Correva la primavera del 1991 quando su Canale 5 andò in onda, per la prima volta in Italia, la puntata d’esordio della serie televisiva Twin Peaks. In occasione dell’ottava edizione del Telefilm Festival di Milano, Aldo Grasso, direttore all’Università Cattolica del Ce.R.T.A. (Centro di ricerca sulla televisione e l’audiovisivo), ha tenuto al cinema Gnomo una lezione speciale a  vent'anni dall’arrivo sugli schermi italiani della celebre serie tv ideata dal regista David Lynch.

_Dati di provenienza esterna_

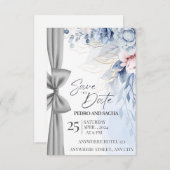 Elegant Blue Floral Save The Date Card with Silver Kaart (Voorkant / Achterkant)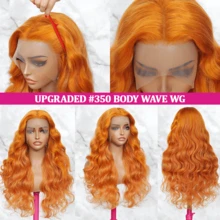 200% Density 5x5 13x4 Lace Front Wigs Human Blended Hair Body Wavy Wig, 8-34Inch Women's High-Density Wavy Curly Hair, 5x5 No Glue Wig, Suitable For Daily Wear, Halloween And Christmas Parties, #350 Ginger For Women As A Gift. - S350 - View 2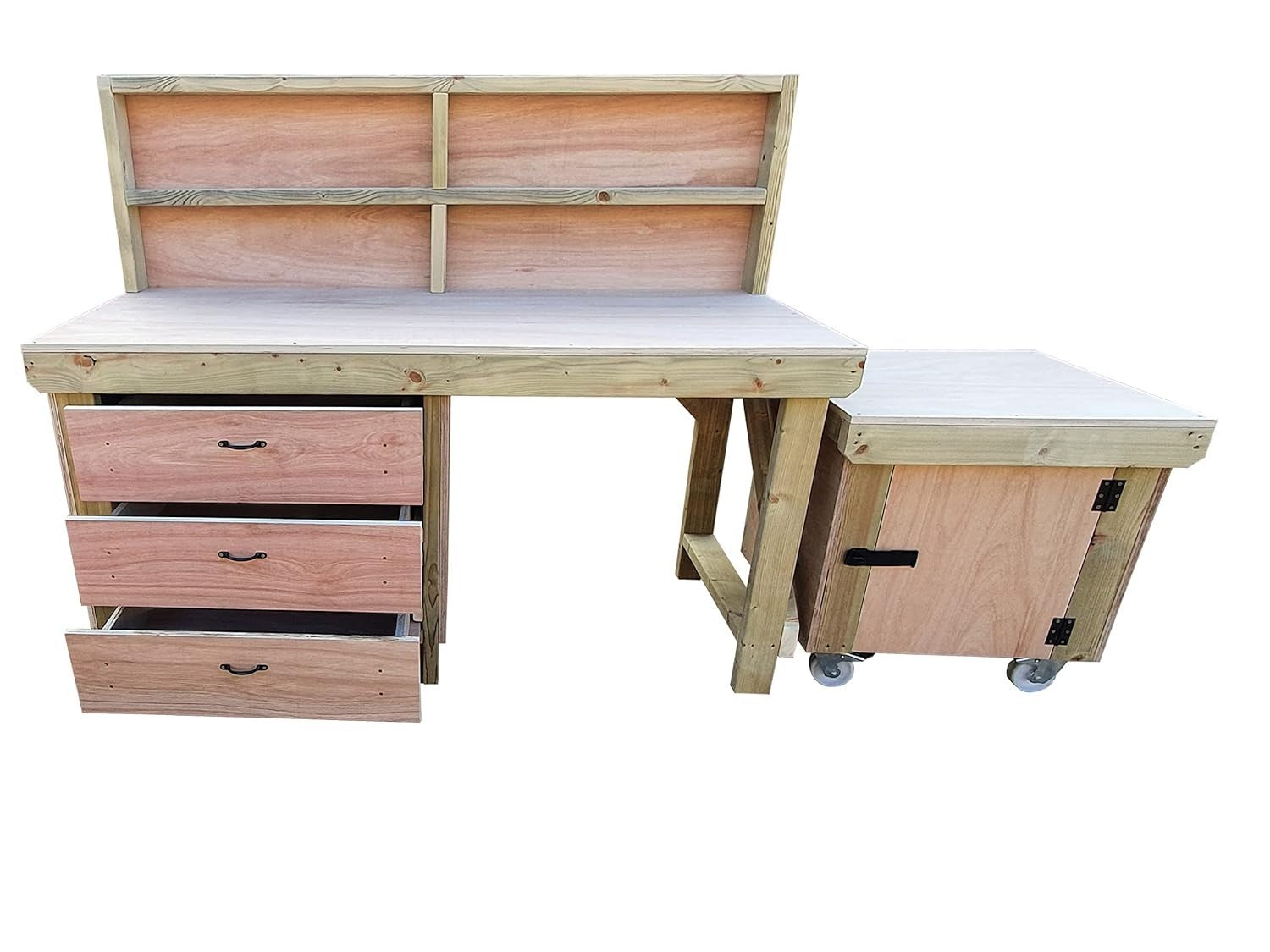 5ft Heavy Duty Wooden Workbench w/ Drawers, Lockable Cupboard & Back Panel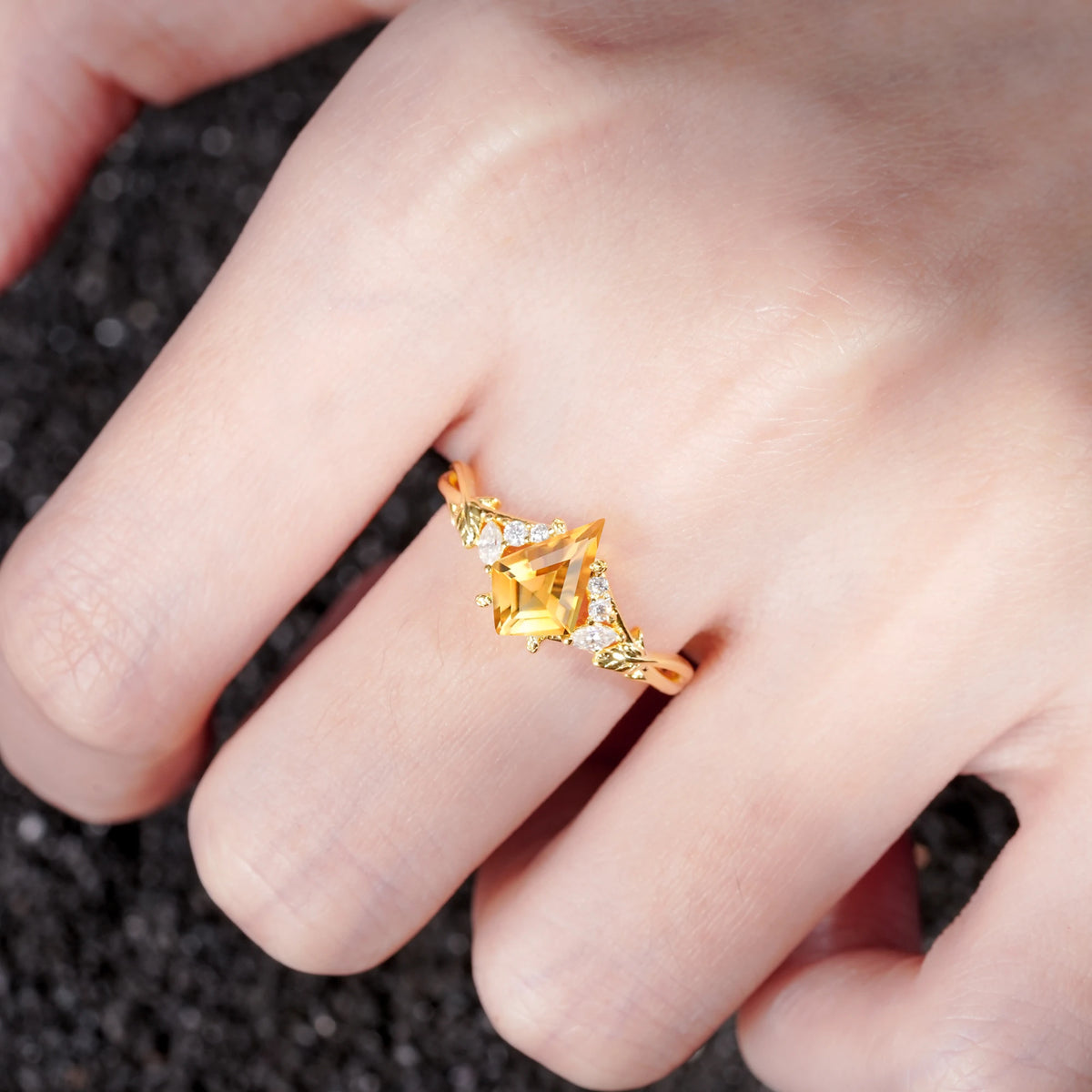 Kite Cut Citrine Engagement Ring with Marquise Side Stones and Vine Detail - Additional view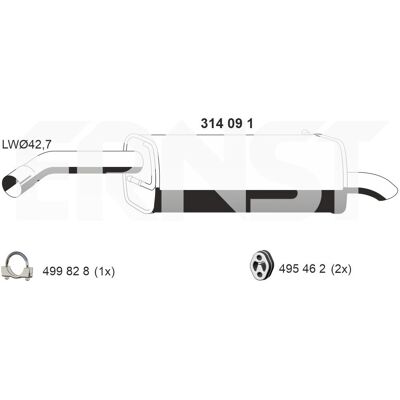 ERNST 314091 Vibrație spate - Eșapament pentru Ford Fiesta VI ERNST 314091 Vibrație spate - Eșapament pentru Ford Fiesta VI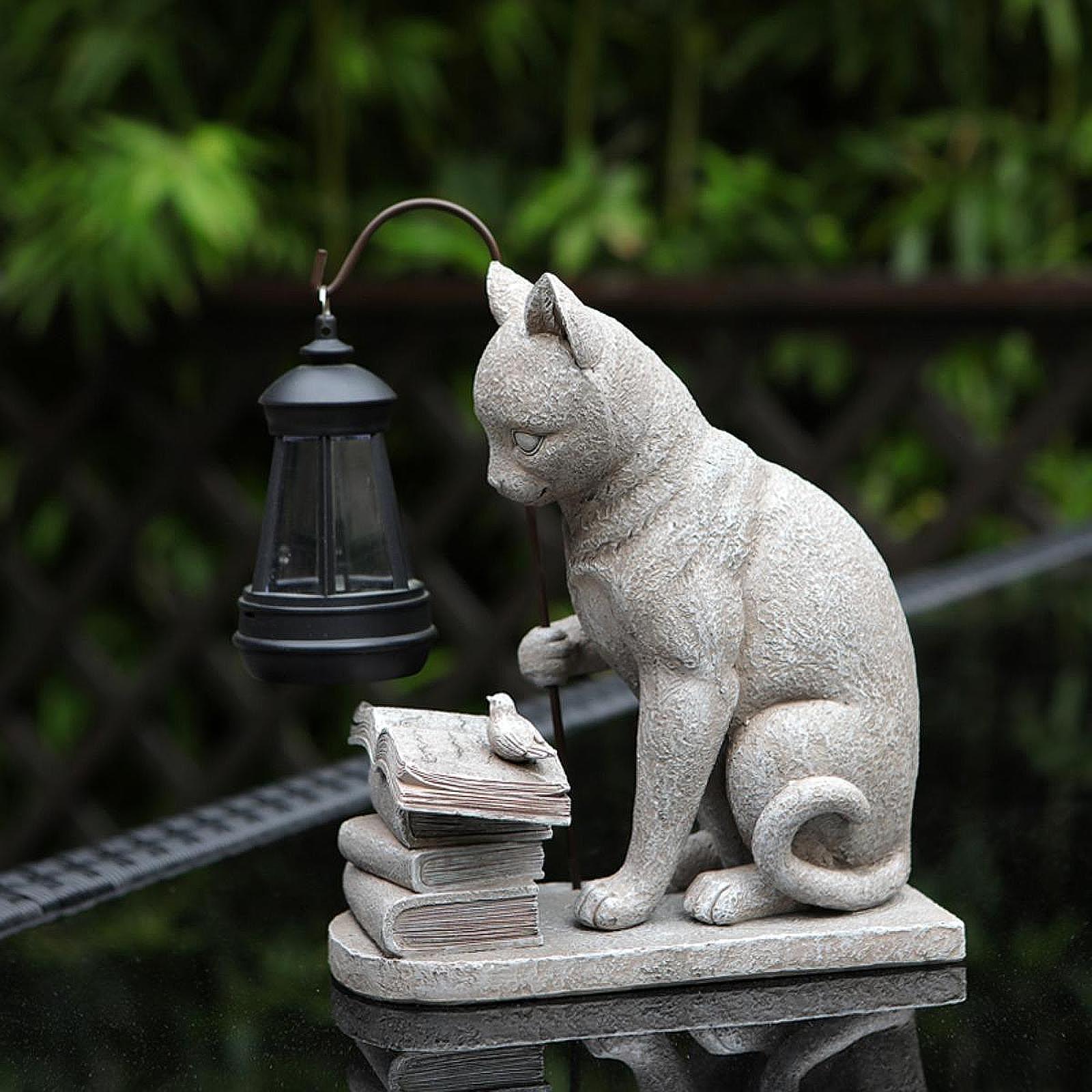 Cat Solar Garden Mini Statue S - Resin Art Lamp recension och pris
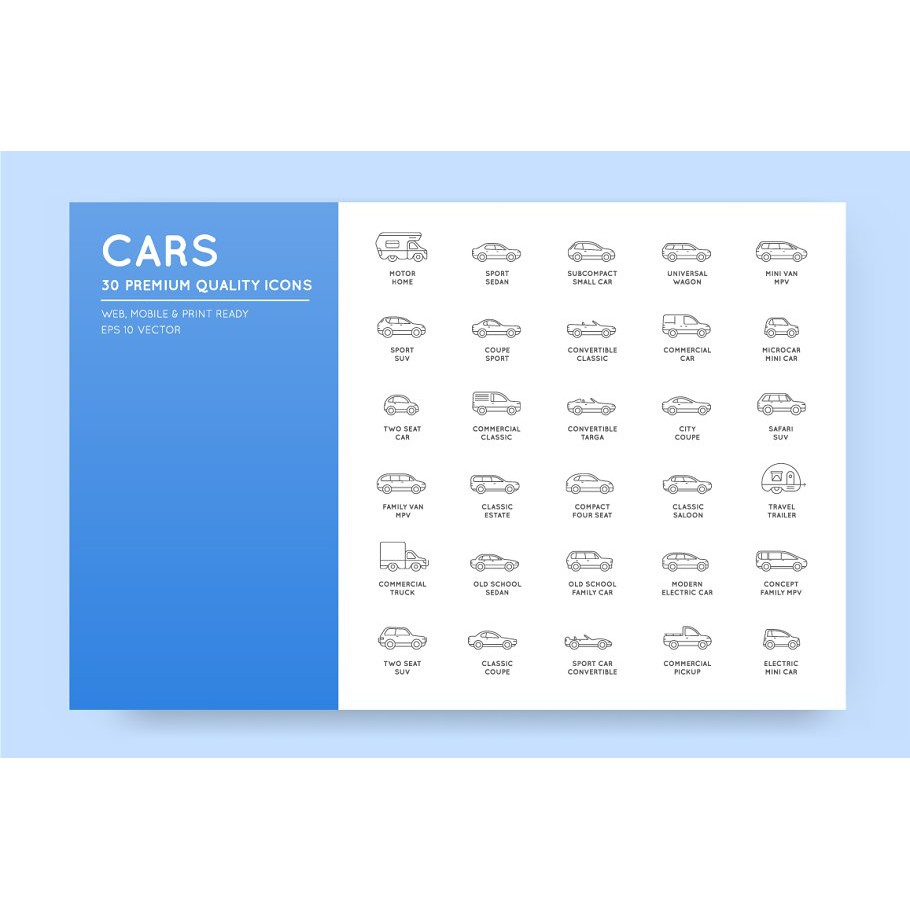 Awesome Vehicles Icons And Logo Set - Adobe Photoshop &amp; Illustrator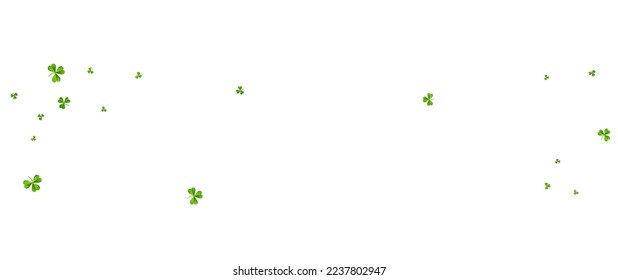 Bright Clover Saint Patrick Vector White Panoramic Background. Malachite Shamrock Wind Pattern. Botanical Leaves Wallpaper. Spring Foliage Air Backdrop.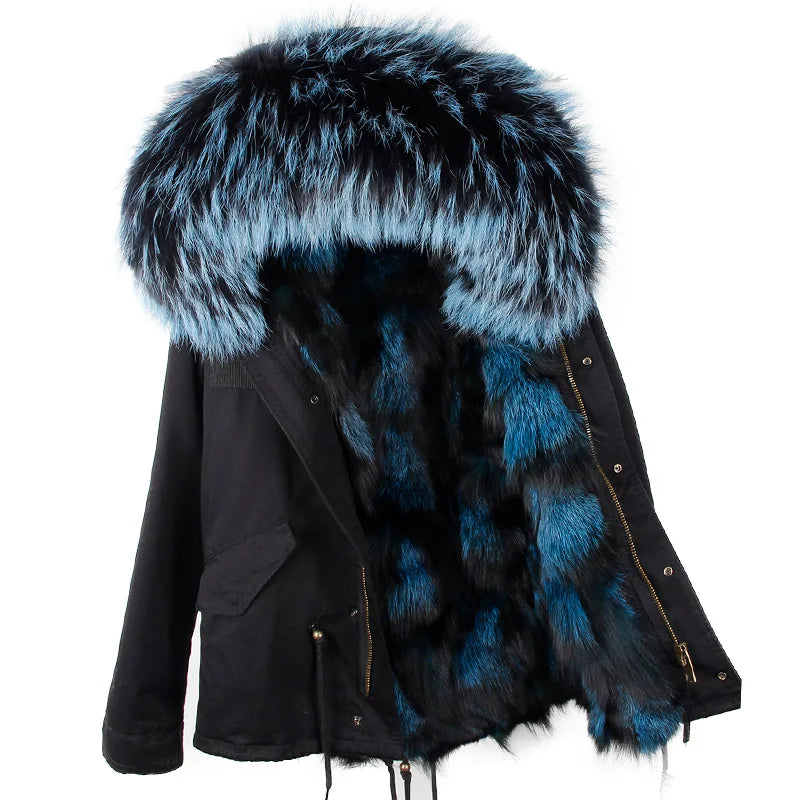 Winter Jackets For Women's Jacket Natural Real Fur Coat Fox Fur Collar Inner Fur Parkas Female Cold Coat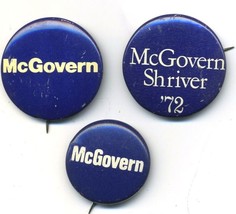 3 1972 McGOVERN President Pinback Button Pin Set - £10.96 GBP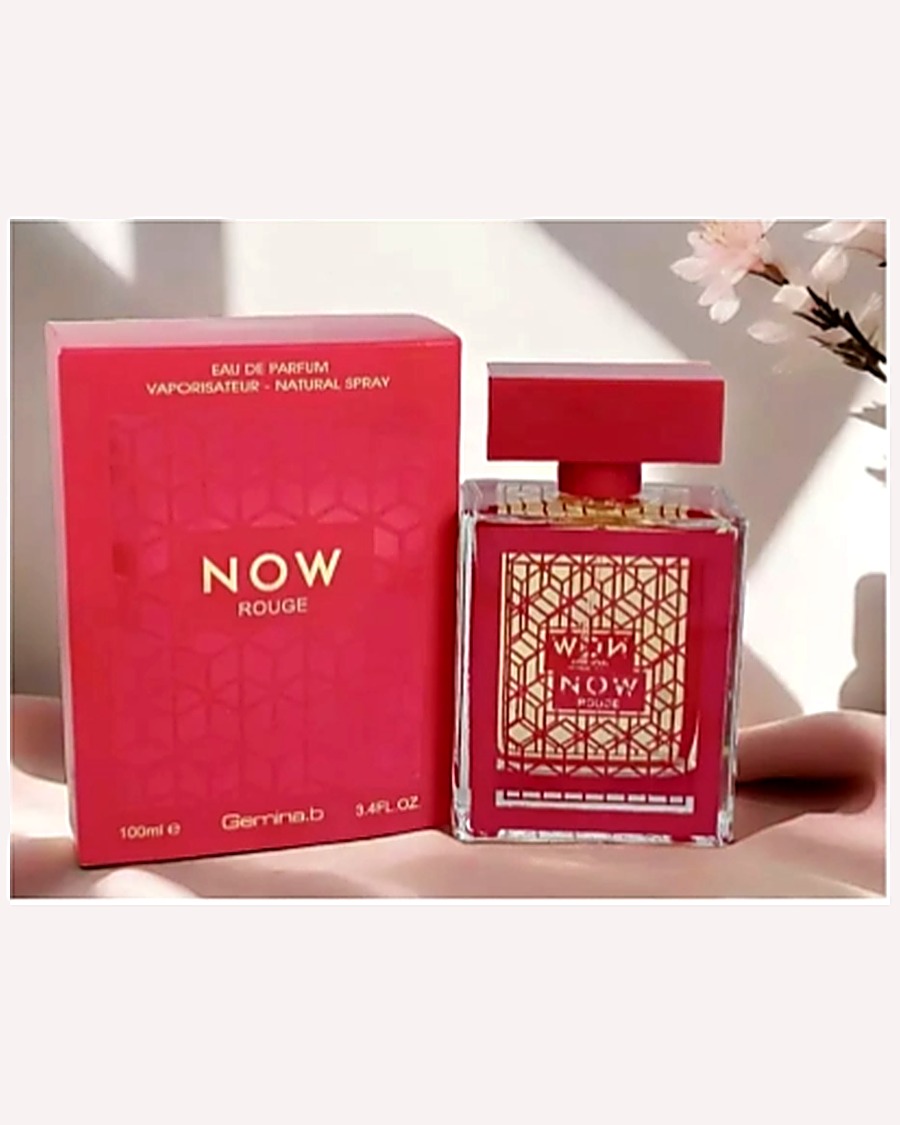 NOW Rouge perfume bottle and box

«Sin dalla prima puntata – ha evidenziato Grasso - erano due le cose a richiamare l’attenzione del pubblico. Il cartello che dava il benvenuto a Twin Peaks, una cittadina al confine con il Canada che solo apparentemente sembrava un’isola felice, e una domanda che rimbombava nelle teste degli spettatori: Chi ha ucciso Laura Palmer?
L’apparente felicità della città e l’omicidio della giovane reginetta del liceo di Twin Peaks segnano stilisticamente la serie anche grazie all’apporto di personaggi indimenticabili. Basti pensare all’agente dell’FBI Dale Cooper, ossessionato dalla ricerca dell’assassino di Laura Palmer e ghiottissimo di caffè e crostate di ciliegie».

«La cosa interessante – prosegue Aldo Grasso – è da una parte la detective story che si snoda alla ricerca dei colpevoli della morte della ragazza, e dall’altra una dimensione tra reale e soprannaturale tipica anche della celebre serie tv "Ai confini della realtà". In riferimento al titolo della serie Twin Peaks, che in italiano vuol dire ‘due picchi’, qualcuno – ha sottolineato – ha voluto addirittura leggervi una premonizione del crollo delle Twin Towers nel 2001.

Per la prima volta in televisione entrano argomenti mai affrontati prima, segnando così l’incontro tra serialità e autorialità. Secondo Grasso la serie di David Lynch «sancisce un nuovo modo di raccontare, quello della multitrama», nella consapevolezza che l’utente televisivo non è più uno spettatore di serie B.

«Twin Peaks rappresenta il dopo Dallas perché non cerca di spiegarci dove sta il bene e dove sta il male», riuscendo a capovolgere continuamente queste categorie: il male si tramuta in bene e viceversa, rappresentando al meglio quella complessità del reale che si ritroverà poi in molte delle serie tv americane degli anni successivi come Lost.